Denny menguraikan, bahwa UU Kekuasaan Kehakiman dalam pasal 17 ayat (6) bicara soal sanksi administratif, bahkan pidana bagi hakim yang tidak mundur. Berikut bunyi pasalnya:
Dalam hal terjadi pelanggaran terhadap ketentuan sebagaimana dimaksud pada ayat (5), putusan dinyatakan tidak sah dan terhadap hakim atau panitera yang bersangkutan dikenakan sanksi administratif atau dipidana sesuai dengan ketentuan peraturan perundang-undangan.
Pasal 5 yang disinggung dalam pasal 17 ayat (6) tersebut berbunyi:
(1) Hakim dan hakim konstitusi wajib menggali, mengikuti, dan memahami nilai-nilai hukum dan rasa keadilan yang hidup dalam masyarakat.
(2) Hakim dan hakim konstitusi harus memiliki integritas dan kepribadian yang tidak tercela, jujur, adil, profesional, dan berpengalaman di bidang hukum.
(3) Hakim dan hakim konstitusi wajib menaati Kode Etik dan Pedoman Perilaku Hakim.
Kemudian, dalam pasal 17 ayat (7) di UU yang sama, disebutkan soal apabila hakim terbukti melanggar ayat 5 dan 6, maka gugatan akan diputus oleh susunan hakim yang berbeda. Adapun pasal 17 ayat (5) berbunyi:
Seorang hakim atau panitera wajib mengundurkan diri dari persidangan apabila ia mempunyai kepentingan langsung atau tidak langsung dengan perkara yang sedang diperiksa, baik atas kehendaknya sendiri maupun atas permintaan pihak yang berperkara
Atas dasar tersebut, Denny berpandangan agar segera dibentuknya Majelis Kehormatan Mahkamah Konstitusi (MKMK) untuk mengusut laporan dugaan pelanggaran etik.
Saat ini, sudah ada laporan dugaan pelanggaran etik yang disampaikan oleh Pergerakan Advokat Nusantara (Perekat Nusantara) dan Tim Pembela Demokrasi Indonesia (TPDI) terkait putusan soal syarat maju pilpres tersebut. Terlapornya yakni Ketua MK Anwar Usman, yang turut mengabulkan gugatan itu. Dia adalah paman dari Gibran Rakabuming Raka, putra sulung Presiden Jokowi.

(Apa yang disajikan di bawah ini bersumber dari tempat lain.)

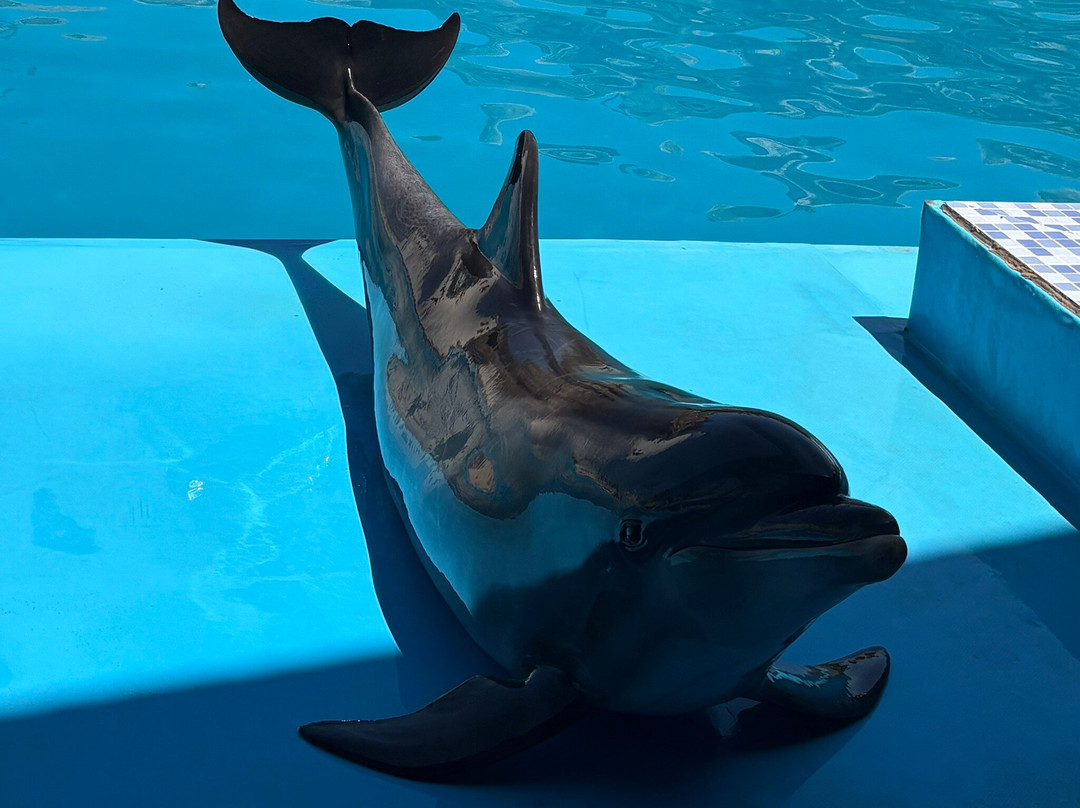 Agadir Dolphin World-阿加迪尔必去景点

Di sisi lain, Denny juga sudah melaporkan dugaan pelanggaran etik Anwar Usman pada 27 Agustus 2023. Laporan Denny juga terkait dengan Anwar yang tidak mundur dalam pengujian permohonan terkait batas usia syarat maju capres-cawapres.
"Periksa laporan pelanggaran etika AU (Anwar Usman) dkk. Saya sudah lapor dugaan pelanggaran etika AU ke MKMK sejak 27 Agustus," kata dia.
Denny menyebut, putusan MKMK nantinya apabila menyatakan ada pelanggaran etik, bisa menjadi dasar pemberhentian hakim yang melanggar.
"Dengan temuan pelanggaran etika MKMK tersebut, putusan MK (nomor) 90-nya (90/PUU-XXI/2023) menjadi tidak sah berdasarkan Pasal 17 ayat 6 UU KK," kata dia.
"Perkara 90 lalu diperiksa ulang oleh hakim-hakim MK dengan komposisi baru, sesuai Pasal 17 ayat 7 UU KK," sambungnya.
Dia juga mengusulkan, selama pemeriksaan etik, MKMK mengeluarkan putusan provisi bahwa putusan nomor 90/PUU-XXI/2023 belum bisa dijadikan dasar untuk pendaftaran Pilpres 2024, karena masih menjadi bahan pemeriksaan MKMK.
"Sebaiknya putusan MKMK sebelum 12 November, batas masih bisa mengajukan calon paslon pengganti di KPU," kata dia.
"Bangsa ini mesti diselamatkan dari Putusan MK 90 yang cacat etika moral konstitusional, dan diselamatkan dari pasangan calon dinasti (Gibran) yang mungkin maju berdasarkan putusan 90 yang cacat tersebut," pungkasnya.